• **EXERCISE GOAL**: Of the lines below, write out exactly those from the line with "XGODY Celular Smartphone" through the line with "Mocassino BV Astaire", both included, and skip the rest.

• **DATASET RECORDS**:
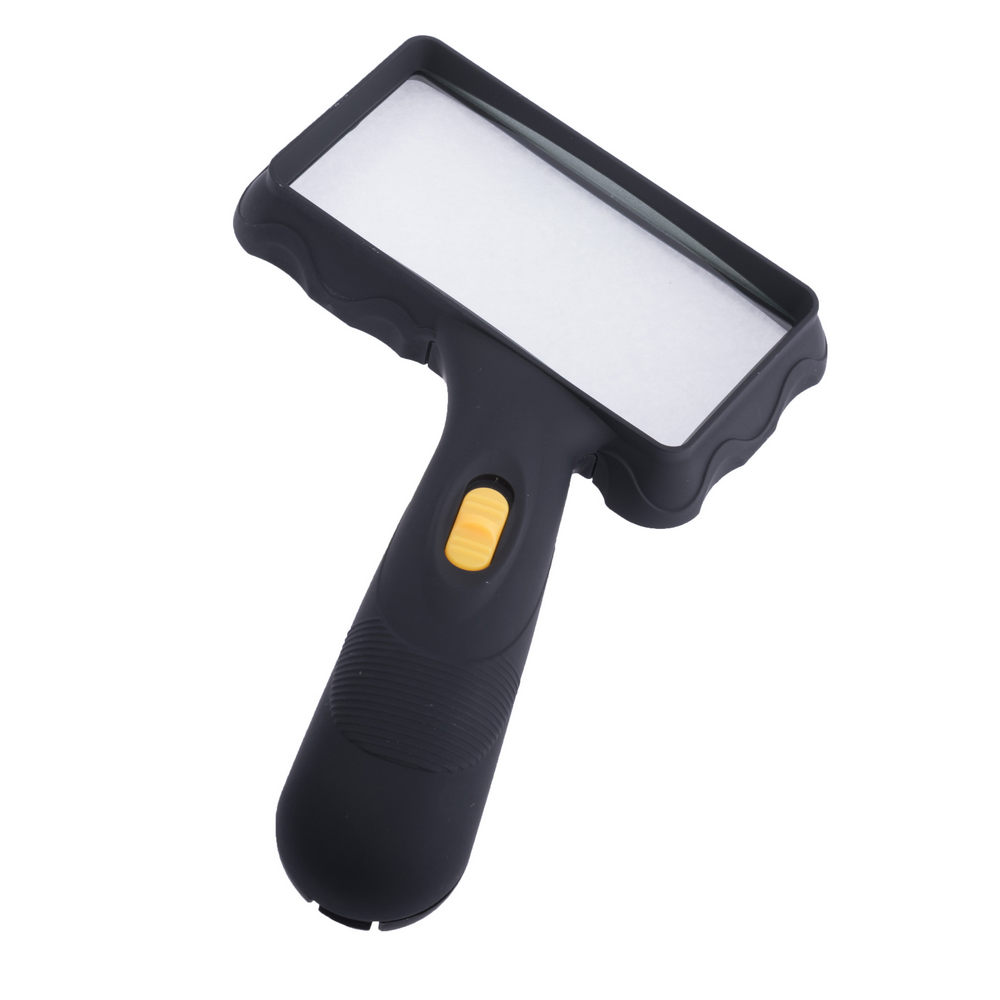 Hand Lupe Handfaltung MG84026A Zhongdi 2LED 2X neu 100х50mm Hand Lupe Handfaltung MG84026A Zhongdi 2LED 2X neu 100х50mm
---
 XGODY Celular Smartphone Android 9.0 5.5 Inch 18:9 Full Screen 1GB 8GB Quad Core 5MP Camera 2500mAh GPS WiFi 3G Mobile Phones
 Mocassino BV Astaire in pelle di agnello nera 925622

• **RESPONSE FOR THIS EXERCISE**:
 XGODY Celular Smartphone Android 9.0 5.5 Inch 18:9 Full Screen 1GB 8GB Quad Core 5MP Camera 2500mAh GPS WiFi 3G Mobile Phones
 Mocassino BV Astaire in pelle di agnello nera 925622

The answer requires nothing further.